The site very early on attracted the early adopters that really enjoyed the game aspect of the system, and many of them stuck around. Since that time the site has gathered the other 90% of programmers who know it now as a good place to get quick answers, but aren't all that interested in the game aspect.

If you correctly and quickly answer 20-40 questions a day, you too will be able to get reputation quickly. For instance, falsetru has been around for only 10 months, but during that time answered over 2,500 questions - an average of 8 a day. He's at 66,000+ reputation - all for answering an average of 8 questions each day.

Jon Skeet answered over 15 in the last 24 hours. Anubhava answered nearly 40 in the last 24 hours.

That may seem modest, but consistency is key. Some people like to claim that it was easier to get rep in the past, and that's why old-timers have so much rep, but if you look at any old timer you find that they have thousands and tens of thousands of answers.

Jon Skeet isn't at 600k+ rep because he got most of it early on, he's at that level because he has answered an average of over 25 questions every day for the last five years, and he continues to do so.

There are slower tags to earn rep in, but even there you will find that there is a direct correlation between number of questions answered and reputation, and almost no correlation between being an early user of Stack Overflow and reputation in the absence of a high rate of answers.
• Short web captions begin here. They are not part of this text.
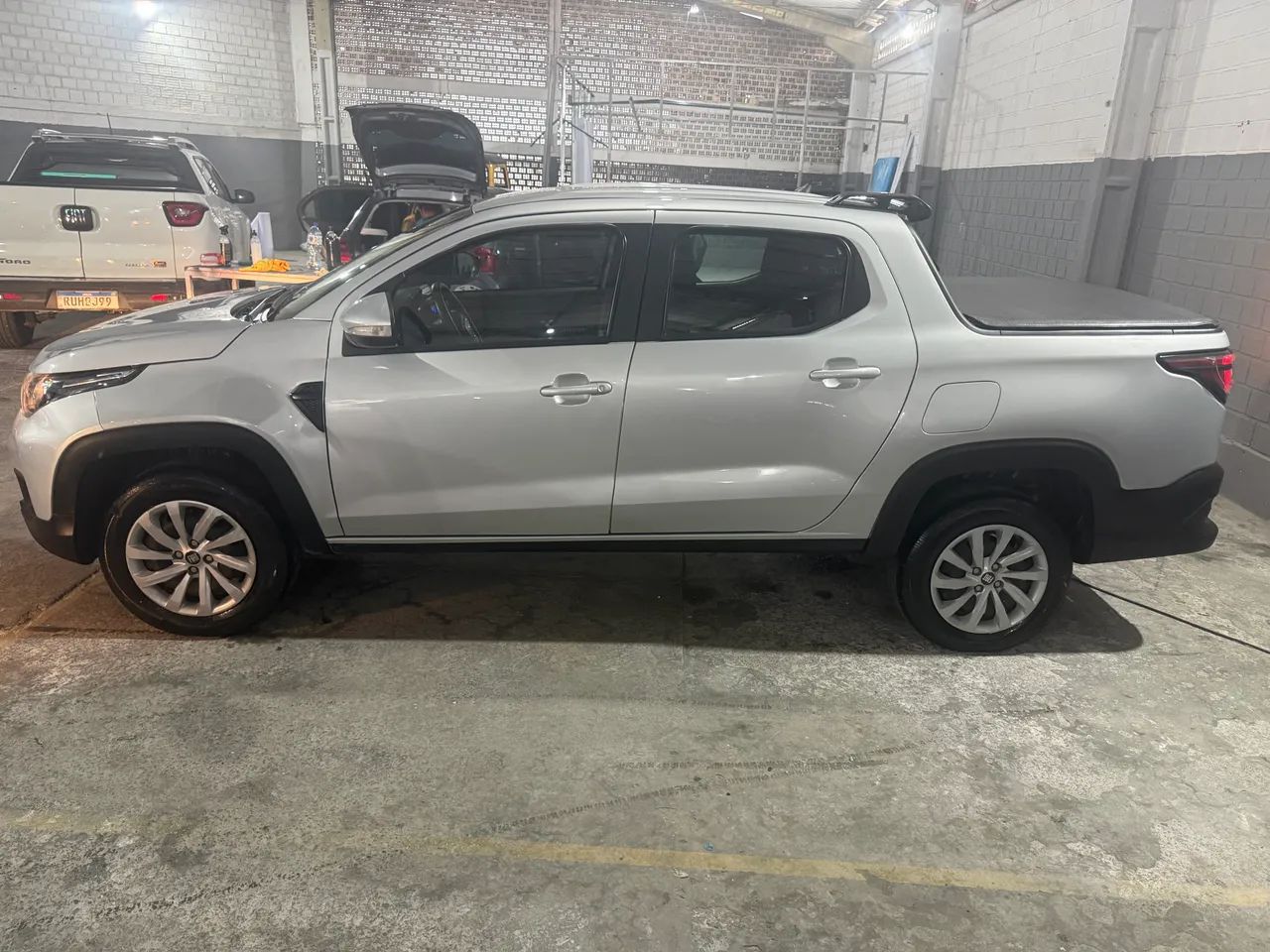 Fiat Strada Freedom 1.3 Flex 8V CD 2025 - Foto 5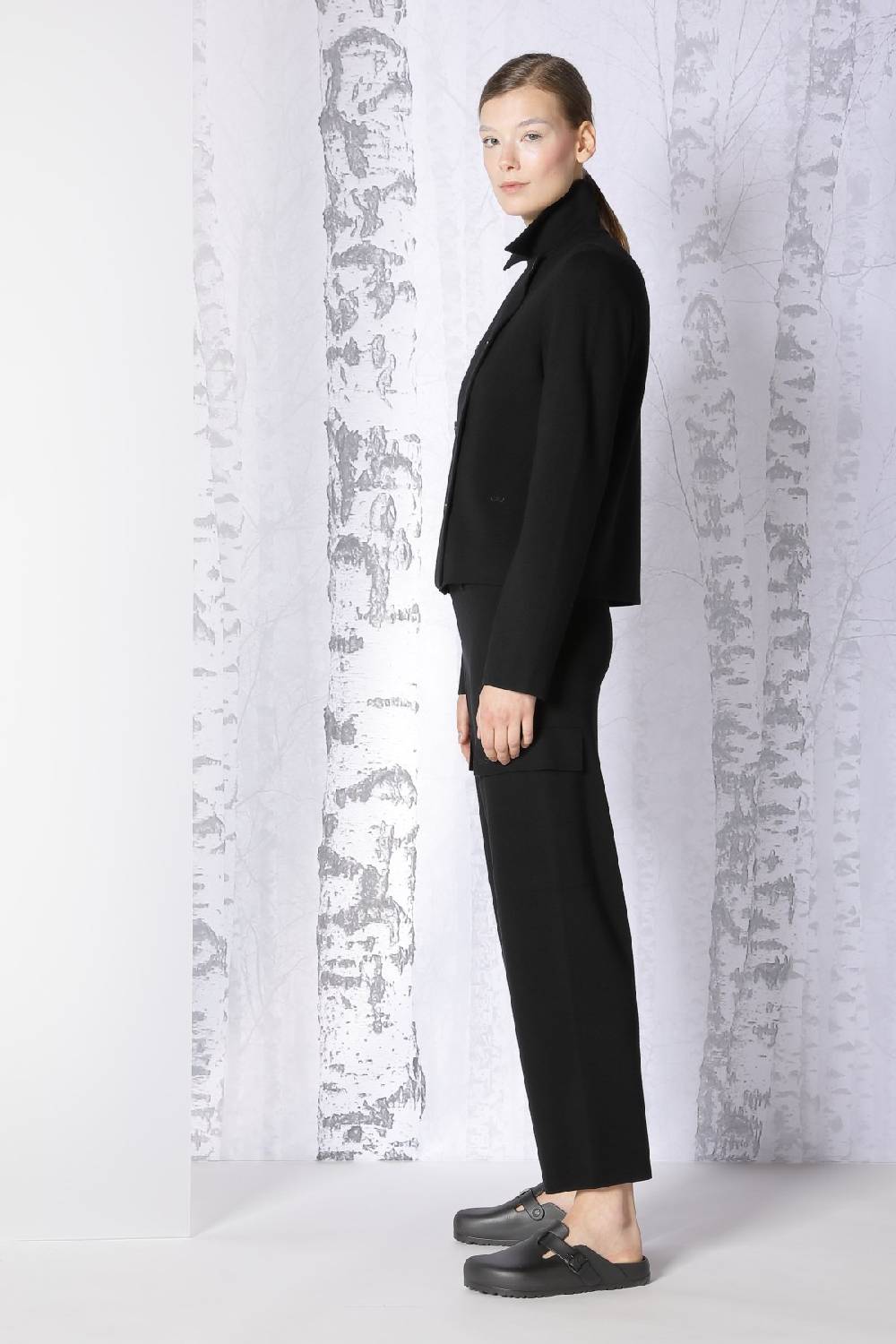 Sminfinity milano cropped jacket + milano cropped cargo pants Versandkostenfrei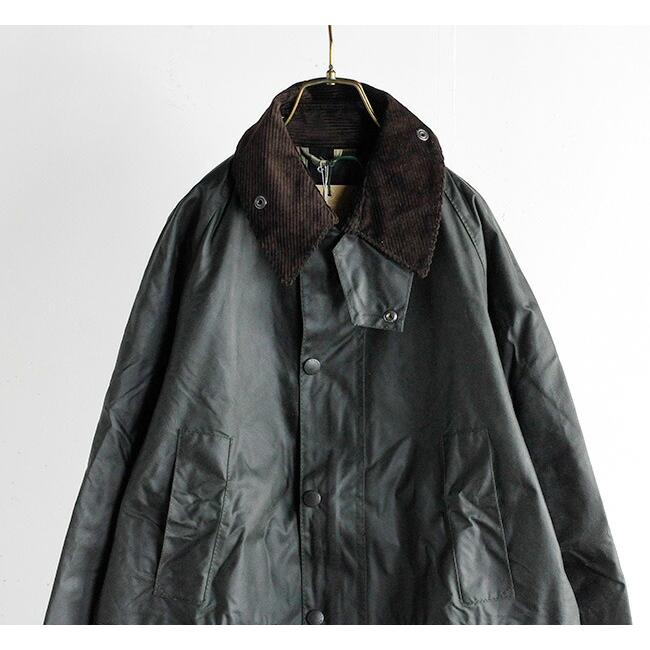 Barbour バブアー BEDALE ビデイル ワックスジャケット MWX0018の画像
You can earn just as much reputation today as a person could in the past. The things that gather reputation most efficiently have changed slightly - questions aren't as profitable as they used to be, for instance.

Providing a large quantity of consistently good answers quickly will always pay off in terms of reputation.

If you want a formula to getting to 20k as quickly as possible, it's this:

  1. Answer a new question with a correct, well written but complete, short answer.
  2. Have you hit the reputation cap yet? If no, return to 1.
  3. Answer 20 more questions before the end of the GMT day.
  4. When the GMT day is over, return to 1.

You will reach 20k within 3 months, and this was true in the early days, has been true since then, and is still true now. Ignore all the other activities on the site. Don't worry about reviews, address comments minimally but don't invest more time that you could be spending on another answer.

This takes time, assuming you spend 2-3 minutes on each answer, you're dedicating at least 2 hours a day just to answering questions and achieving your goal. It's not cheap or easy, those who have high reputation aren't simply sitting on their hands, eating magical manna, they are working hard, spending hours a day, helping others with their questions.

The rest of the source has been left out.